= Nick Webb (journalist) =

Irish journalist (born 1971)

Nick Webb (born 1971) is an Irish journalist. He succeeded his father-in-law Shane Ross as Business Editor at the Sunday Independent when Ross was elected as a TD. Webb married Rebecca Ross, Shane Ross's daughter, in July 1997.

In 2009, he and Shane Ross were jointly honoured both as business journalist of the year and as overall Journalist of the Year.
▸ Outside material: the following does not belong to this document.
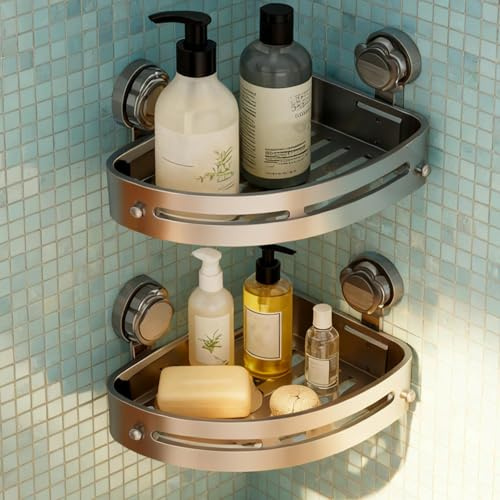 qokeeu Ripiano Angolare Per Doccia,2 Pezzi Supporto Senza Fori - Ripiani Doccia Angolari Con Ventose Forti - Per Bagno Casa Appartamento Hotel Shampoo Spugna Sapone Bagnoschiuma Articoli Igienici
He had previously been Smurfit Business school specialist reporter of the year in 2008.

Sunday Independent journalist Nick Webb broke the FÁS expenses scandal with Shane Ross in October 2008, before they exposed the culture of corruption and waste at semi-state transport company CIÉ. The pair have written a bestselling book called Wasters, exposing the scandal of "the people who squander your taxes on white elephant projects, international junkets and favours for their mates - and how they get away with it". Published by Penguin in October 2010. Other books published by the duo are The Untouchables (2012) and The Bankers (2009).

In a November 2018 RTE broadcast of Ireland's Rich List, Nick courted controversy by describing the tragedy of the 9-11 terrorist attack in New York as "a really big moment" for Declan Ganley, who saw an investment opportunity in the lack of communication between emergency services on the day.